Il y avait déjà des étincelles dans l’air entre l’exécutif tunisien et l’Union européenne (UE) autour de l’enveloppe dévolue au combat contre la migration illégale, une affaire que Tunis a fini par assimiler à de l’aumône tant le dossier a traîné, avec les contre-parties qu’elle draine. Le président de la République, Kais Saied, a in fine refusé publiquement la “charité européenne” au nom de la dignité nationale. L’affaire est tellement sensible que même l’aide européenne de 60 millions d’euros, qui sur le papier n’a rien à voir avec le mémorandum d’entente sur la migration, a été prise dans la tempête. D’ailleurs l’affaire a valu au ministre de l’Economie Samir Saïed un mauvais quart d’heure dans le bureau du chef de l’Etat. Si quelqu’un est habilité à porter la voix de Tunis et à clarifier la posture du président c’est bien le chef de la diplomatie, Nabil Ammar.

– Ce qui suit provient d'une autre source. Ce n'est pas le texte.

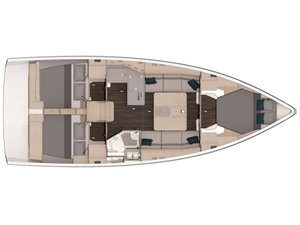 Dufour 37 „Viridis“ – fotka 2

Il l’a fait dans le journal belge Le Soir ce lundi 9 octobre.
«Les Européens ne sont pas clairs, à divulguer des montants un coup par ci, un coup par là. Les gens ne se retrouvent plus dans ces enveloppes, qui sont dérisoires. Même si ce n’est pas un problème de montant. Mais les Européens n’arrivaient pas à comprendre un message que l’on a répété à plusieurs reprises : “Arrêtez d’avoir cette vision de ce partenariat, comme si nous étions à la merci de cette assistance. A chaque fois, vous répétez des messages qui ne sont pas dans l’esprit de ce mémorandum d’accord, un partenariat d’égal à égal, de respect mutuel.” C’est insultant et dégradant», a déclaré le ministre des Affaires étrangères.
«Il ne faut pas donner cette idée fausse, laisser penser que ce partenariat se réduit à “on vous donne quatre sous et vous faites la police en Méditerranée et vous retenez les migrants illégaux”, ce sont les Européens qui tenaient» à cet accord, a asséné Ammar. «On ne veut pas être indélicat, mais ils couraient après cet accord qu’on était content de passer puisque l’on considérait que ce qui était écrit convenait aux deux parties», a-t-il ajouté.

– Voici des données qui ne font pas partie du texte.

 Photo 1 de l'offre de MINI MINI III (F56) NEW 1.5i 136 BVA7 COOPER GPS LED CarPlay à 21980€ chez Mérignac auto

«Ils nous l’ont dit ! “On va changer, on vous a compris.” Mais les anciens réflexes, les comptes d’épicier ont immédiatement repris. Ce langage-là n’est plus acceptable», martèle-t-il. «Nous sommes comme le roseau, on plie mais on ne casse pas et ce serait bien que les partenaires se le mettent en tête», lance-t-il à qui veut l’entendre…

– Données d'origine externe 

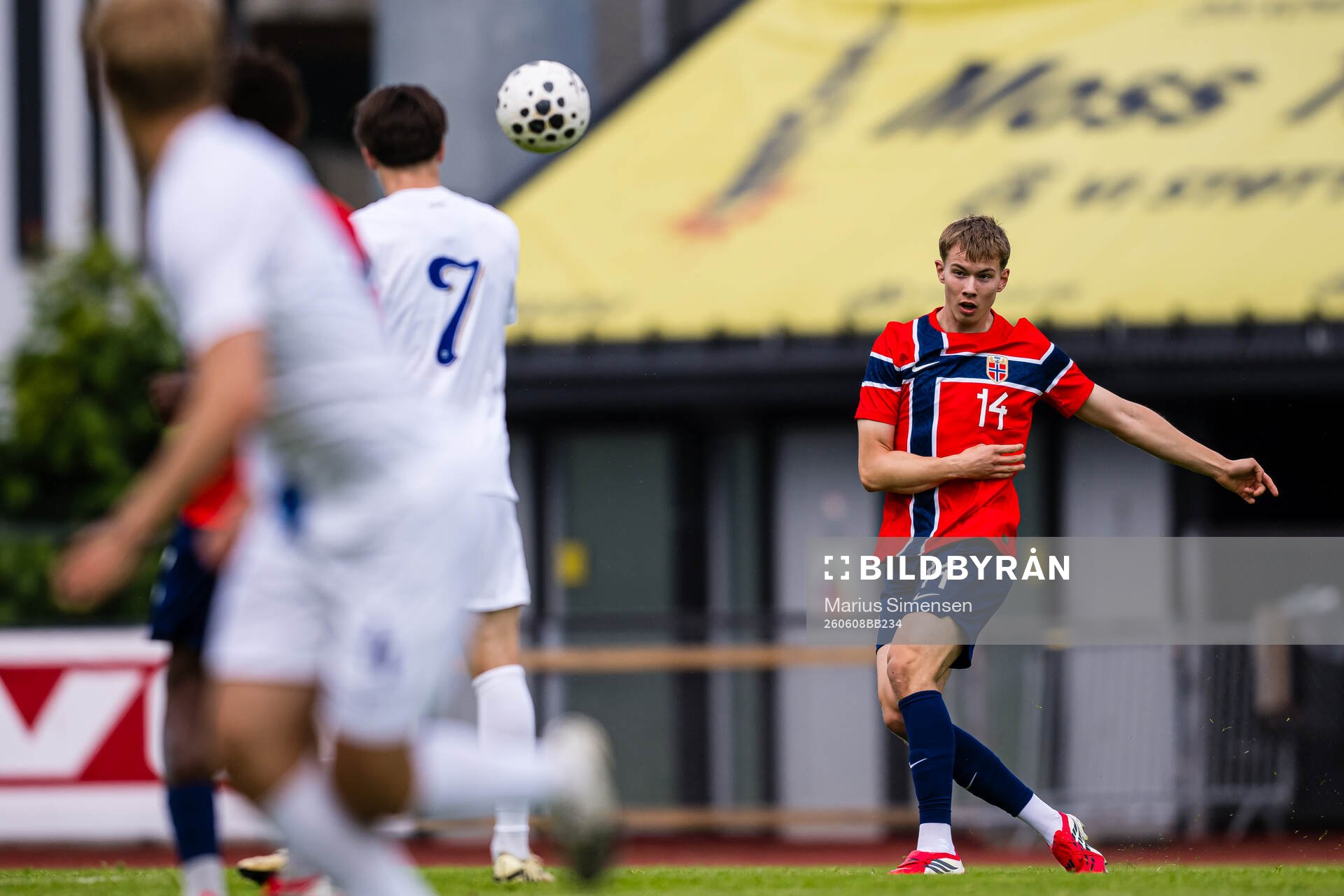 Jonathan Vonheim Norbye of Norway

Pourtant il affirme que le mémorandum d’entente signé en grande pompe à Tunis n’est pas jeté aux oubliettes, «pas du tout», soutient-il. «Cette crise est entièrement de leur part parce qu’ils n’ont pas voulu changer leur logiciel après le 16 juillet (date de signature du mémorandum, NDLR). Nous nous étions entendus sur un esprit nouveau», un partenariat d’égal à égal, rappelle-t-il. «Nous n’avons dévié du mémorandum d’accord, ni du dialogue stratégique. Ce sont les Européens qui ne s’entendent pas entre eux», clame-t-il.
«Je vais être gentil et je ne donnerai pas les noms. Nous savons qui est pour et qui est contre», ajoute Ammar…
Quant aux écarts sur les droits humains, ceux des migrants comme ceux des opposants, le chef de la diplomatie tunisienne déclare qu’il «n’y a pas eu un mot de critique (contre le régime tunisien, NDLR) dans ces longues réunions (avec l’UE, NDLR). C’est important de le noter (…). Pourquoi revenir aux anciens réflexes, aux comportements dégradants ? Il ne faut pas faire passer la Tunisie comme un pays qui vit de l’assistance. Cette assistance ne vaut rien par rapport aux dégâts causés par certains partenaires dans notre région. C’est d’ailleurs plutôt une réparation», dit-il.
Pas plus tard que le 22 septembre dernier la présidente de la Commission européenne, Ursula von der Leyen, a défendu la nécessité pour l’UE de tenir dans les plus brefs délais ses engagements financiers auprès de la Tunisie, sans les saillies habituelles sur la démocratie et les droits de l’Homme. La conviction ferme de Mme von der Leyen – la cheffe du gouvernement italien est passée par là – c’est qu’il faut signer des chèques sans faire de chichis. Mais ce n’est pas l’avis de certains Etats-membres de l’UE, dont la Belgique. Bref, la machine s’est grippée.